This past weekend, I saw Get Out, the new horror movie/thriller from writer-director Jordan Peele, in a packed theater. I'm normally too nervous to see scary movies, but my boyfriend convinced me that it would be fun to see it in a group, with a big Saturday night audience. And it was — the collective gasps, laughs, and exasperated yells were a huge part of the experience. Toward the end of the movie, when villainous characters start getting killed in satisfyingly bloody ways, the audience erupted over and over in applause.
A few weeks ago, I saw I Am Not Your Negro, a documentary that matches the words of James Baldwin with a variety of photos and film footage. A lot of it consists of clips of old movies, most of them showing how black people were depicted in pop culture during the classic Hollywood era.

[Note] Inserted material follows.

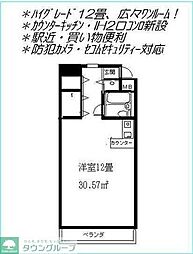 第2カブラキビル ワンルームの間取図画像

Near the end of the film, there's a clip of bright, happy Doris Day singing, which slowly dissolves into a stark photo of a lynching. The director lingers on that image; as we all sat confronted with it, someone near the back of the theater burst out with an emphatic solo round of applause.
It's been a few months now since I saw Moonlight, the film that just won the Oscar for Best Picture. Because its win happened in such a surprising, awkward, bait-and-switch way, I've seen people lament the fact that not enough attention has been given to how remarkable and worthy of celebration it is. Moonlight is a movie about black people in a roughly contemporary setting (not during the time of slavery or the civil rights movement); among other things, it prominently features a drug dealer who is a loving, accepting, and fully rounded character. It's a movie about gay people who are poor and nonwhite, that is achingly sad but not tragic. And it's a low-budget indie by a black director and screenwriter. For it to win just a year after the wildly entertaining and successful Creed was snubbed is legitimately exciting.
Midway through Moonlight, there's a scene in which the main character, Chiron, strides into his school and slams a chair into the boy who's been cruelly bullying him. Just before this, we've seen the bully goad Kevin, with whom Chiron has shared a surprising moment of intimacy, into beating up Chiron outside the school. The violent outburst is a release. But it's also scary, and it looks like it does some permanent damage; though the film jumps ahead in time immediately after that scene, we can assume that the boy was seriously injured. I watched it with anxiety and even horror, but some people I follow on Twitter commented that when they saw it with mostly black audiences, many viewers cheered.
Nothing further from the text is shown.